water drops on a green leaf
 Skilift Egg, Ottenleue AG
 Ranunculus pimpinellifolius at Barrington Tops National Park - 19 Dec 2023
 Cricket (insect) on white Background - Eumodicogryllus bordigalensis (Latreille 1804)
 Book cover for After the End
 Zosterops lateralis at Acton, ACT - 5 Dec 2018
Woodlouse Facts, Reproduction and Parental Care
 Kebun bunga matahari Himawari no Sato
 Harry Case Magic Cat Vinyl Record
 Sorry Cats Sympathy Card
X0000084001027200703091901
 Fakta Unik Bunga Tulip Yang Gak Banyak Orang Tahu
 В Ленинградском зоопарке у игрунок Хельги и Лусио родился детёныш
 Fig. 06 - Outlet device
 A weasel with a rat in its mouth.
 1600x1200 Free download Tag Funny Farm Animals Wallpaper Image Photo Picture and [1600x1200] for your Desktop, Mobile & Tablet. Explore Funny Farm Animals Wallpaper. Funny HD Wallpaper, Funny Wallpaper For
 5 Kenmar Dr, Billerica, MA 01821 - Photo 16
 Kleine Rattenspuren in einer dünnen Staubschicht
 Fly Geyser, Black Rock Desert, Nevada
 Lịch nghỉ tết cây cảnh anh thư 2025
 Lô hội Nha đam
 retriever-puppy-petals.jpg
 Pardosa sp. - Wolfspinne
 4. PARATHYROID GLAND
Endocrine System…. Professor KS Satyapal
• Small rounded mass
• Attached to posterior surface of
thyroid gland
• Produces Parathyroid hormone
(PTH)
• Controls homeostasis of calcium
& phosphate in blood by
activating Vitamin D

────

**About this exercise**
Please show every line of the entries above that contains the word "Photo".

**Result of this exercise**
 1600x1200 Free download Tag Funny Farm Animals Wallpaper Image Photo Picture and [1600x1200] for your Desktop, Mobile & Tablet. Explore Funny Farm Animals Wallpaper. Funny HD Wallpaper, Funny Wallpaper For
 5 Kenmar Dr, Billerica, MA 01821 - Photo 16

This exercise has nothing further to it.